Isto não significa dizer que no médio e longo prazo não se deva ter ações tranversais para mudanças efetivas, onde se inclui políticas de resgate de uma cultura de paz, moralidade objetiva, respeito às leis, que é onde entra a Educação, o Esporte e outras ações. Uma coisa não exclui a outra.

O Estado deve pensar em escolas, mas também em presídios, ora bolas. Collor sabe muito bem disso, não é um tolo ideológico colocando uma bandeira no cume das utopias. É muito inteligente e está bem longe disso.

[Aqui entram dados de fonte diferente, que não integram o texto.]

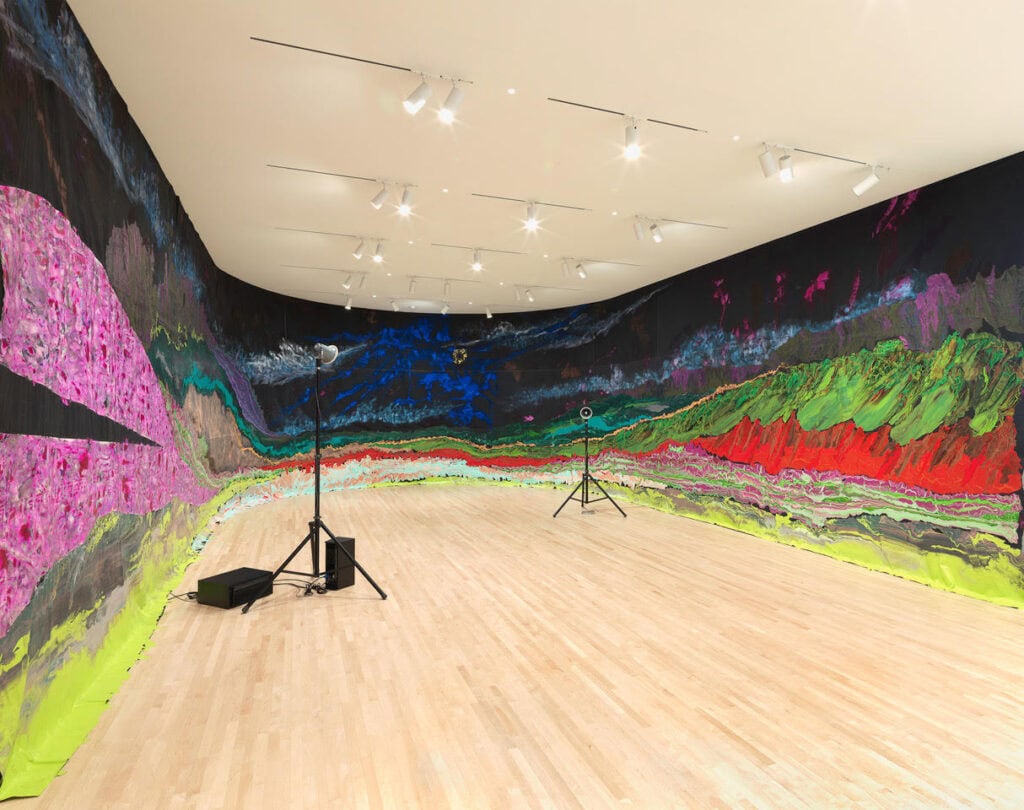 Installation view New Work: Rodney McMillian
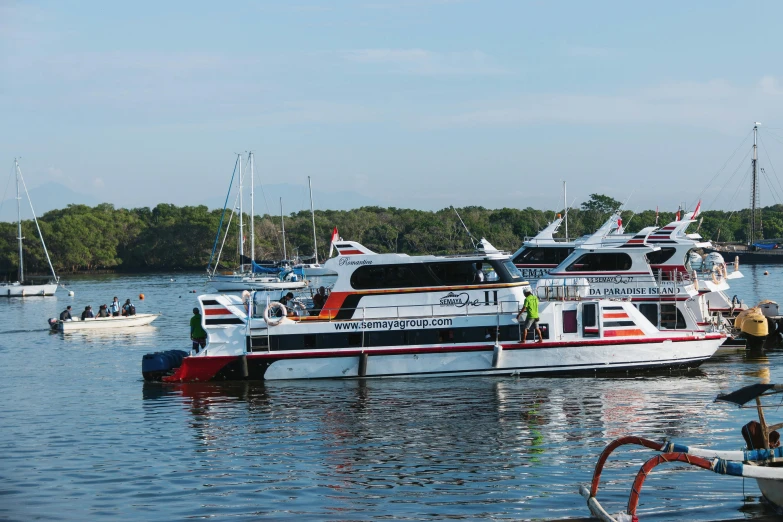 a fleet of boats are docked in the lake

Então, as críticas sinceras a Moro tem que ser nessa perspectiva: as ações agora propostas trarão bom resultados imediatos ou não? Que é incompleto - como diz Collor - claro que é. Pois, a mudança a qual o Brasil precisa - nesse estado de coisas que vivemos - é muito mais profunda. Nosso Código Penal é da década de 1940, por exemplo.

O senador sabe disso. Tanto que em seu discurso inicial colocou as medidas como pontos de partida. Claro que são!

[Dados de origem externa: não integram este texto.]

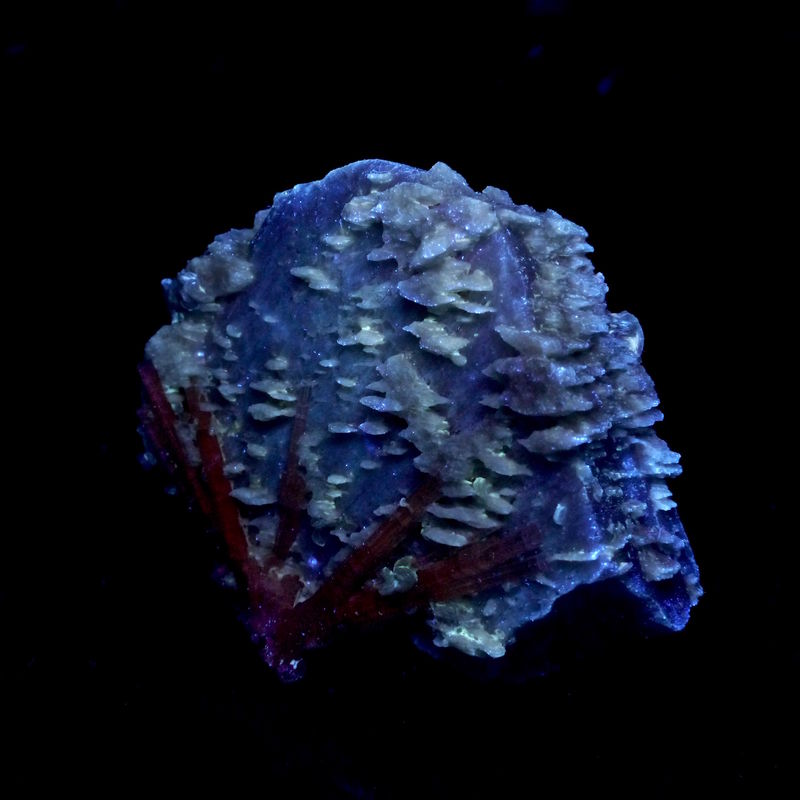 P1040147.jpg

Mas é da essencialidade destes pontos de partida que devemos pensar. Nossa legislação é branda com a bandidagem ou não? Precisamos de mecanismos mais duros para combater o crime organizado ou não? São respostas que precisam ser dadas, pois o problema é urgente. 

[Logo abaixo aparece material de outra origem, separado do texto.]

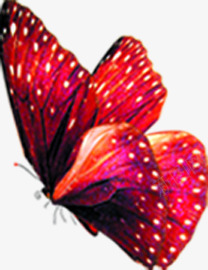 手绘红色模糊蝴蝶png免抠素材_88icon https://88icon.com 模糊 红色 蝴蝶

Não há pressão sobre o STF para impor - por exemplo - a prisão após julgamento em segunda instância, como diz Collor. Há sim uma proposta para que os condenados após segunda instância, diante de crimes hediondos cometidos, possam começar a cumprirem a pena, para que não tenhamos os inúmeros casos em que os criminosos são condenados e ao fim do julgamento voltam para casa no mesmo ônibus da vítima, digamos assim. Ou o caso de criminosos já julgados e condenados que continuam cometendo crimes por aí.

É uma situação que merece sim ser refletida. Coloquemos-nos no lugar da vítima.

Não há sequer generalização de pena, pois os qualificadores que podem atenuar ou agravar um crime estão previstos em lei. Ali se trata da execução penal, que é outra coisa. Se endurece para cima do criminoso em relação à pena que lhe é aplicada individualmente. Collor sabe muito bem disso.

Collor está preocupado com superlotação de prisões? Que se pense em resolver esse problema. Pois lugar de bandidos perigosos é na cadeia mesmo! Isso é diferente dos crimes de menor potencial ofensivo, para o qual já existem as penas alternativas e devem ser aplicadas.

É claro que cabe ao Estado garantir os princípios da dignidade humana nestes casos, mas o princípio da pena é punir quem escolheu delinquir.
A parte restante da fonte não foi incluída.